Serangan militer Amerika Serikat (AS) ke tiga fasilitas nuklir Iran pada Juni 2025, awalnya diklaim sebagai keberhasilan besar oleh Presiden Donald Trump dan pejabat pemerintahannya, kini dipertanyakan berdasarkan laporan intelijen terbaru. Klaim pemusnahan total program nuklir Iran terbukti keliru, setidaknya menurut penilaian awal badan intelijen AS.
Laporan intelijen AS, yang diungkapkan oleh CNN, menunjukkan bahwa serangan tersebut gagal menghancurkan komponen inti program nuklir Iran. Kerusakan yang ditimbulkan hanya menunda program tersebut selama beberapa bulan, bukannya menghancurkannya secara permanen seperti yang digembar-gemborkan.
Penilaian Intelijen AS: Serangan Hanya Menunda Program Nuklir Iran
Badan Intelijen Pertahanan (DIA), badan intelijen Pentagon, mengeluarkan penilaian awal yang menunjukkan serangan tersebut hanya menunda program nuklir Iran selama beberapa bulan. Penilaian ini didasarkan pada analisis kerusakan yang dilakukan oleh Komando Pusat AS pasca serangan.

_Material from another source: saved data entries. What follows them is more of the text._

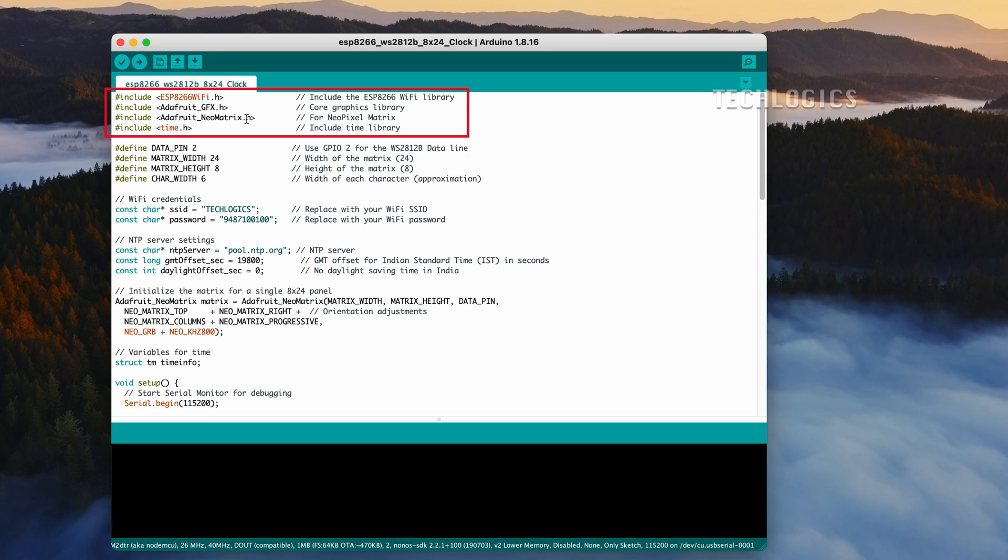Additionally, Adafruit_NeoMatrix.h is required specifically for controlling the NeoPixel matrix, facilitating the vibrant effects and animations. Lastly, the time.h library is used for handling time-related functions, ensuring your clock displays the correct time. Make sure all these libraries are installed in your Arduino IDE for the code to function properly.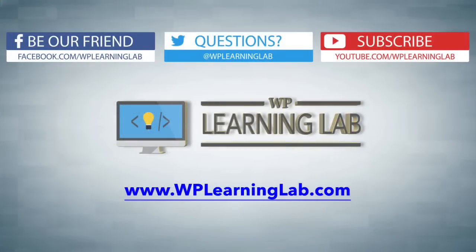I hope this video helps you. My name is Bjorn Alpass from WP Learning Lab. Please make sure you share and like this video, subscribe to our YouTube channel, check out our social media feeds, and check out wplearninglab.com where we write about WordPress every single day. Talk to you soon.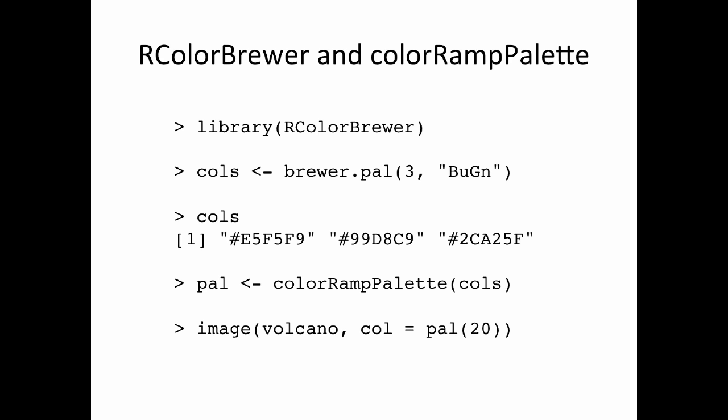Now you can see that the character vector that it returns has three colors, and they each have a mix of red, green, and blue, and if you're fluent in hexadecimal, you'll know what these values are. But it's not really important to know exactly what the colors are. You'll be able to see them on the screen. So what I'm going to do is I'm going to pass this palette of colors into the colorRampPalette function, and it's going to return a function that I'm going to call pal. So now I'm going to create the image of this volcano using the image function, but instead of using the heat colors or the topo colors palette, I'm going to use this palette that I've got from the color brewer package. And so I'm going to specify that I want 20 different colors to be represented in this image.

Analisis kerusakan di lokasi dan dampak serangan terhadap ambisi nuklir Iran masih berlangsung. Namun, temuan awal ini bertentangan dengan klaim Presiden Trump yang menyatakan serangan tersebut “benar-benar dan sepenuhnya menghancurkan” fasilitas pengayaan nuklir Iran.
Persediaan uranium yang diperkaya Iran tetap utuh. Begitu pula sebagian besar sentrifus yang menjadi target serangan.
Pernyataan Berbeda dari Pejabat AS dan Reaksi Internasional
Menteri Pertahanan Pete Hegseth juga mengklaim ambisi nuklir Iran telah “dihancurkan”. Pernyataan ini bertolak belakang dengan temuan intelijen AS.
Gedung Putih membantah penilaian DIA, menyebutnya salah dan hasil kebocoran informasi rahasia. Mereka menegaskan keberhasilan operasi militer AS dalam “melenyapkan” program nuklir Iran.
Sementara itu, Ketua Kepala Staf Gabungan Dan Caine menyatakan masih terlalu dini untuk menilai dampak keseluruhan serangan tersebut. Hal ini menunjukkan adanya perbedaan pendapat di dalam pemerintahan AS sendiri.
Anggota DPR dari Partai Republik, Michael McCaul, mengakui bahwa serangan tersebut tidak dimaksudkan untuk menghancurkan seluruh fasilitas nuklir, melainkan menyebabkan kerusakan signifikan yang bersifat sementara. Hal ini sejalan dengan penilaian intelijen yang lebih realistis.
Dampak Serangan dan Masa Depan Program Nuklir Iran
Serangan AS, yang menggunakan bom penghancur bunker seberat 30.000 pon, terutama menargetkan fasilitas di Fordow dan Natanz. Namun, kerusakan sebagian besar terbatas pada bangunan di atas tanah.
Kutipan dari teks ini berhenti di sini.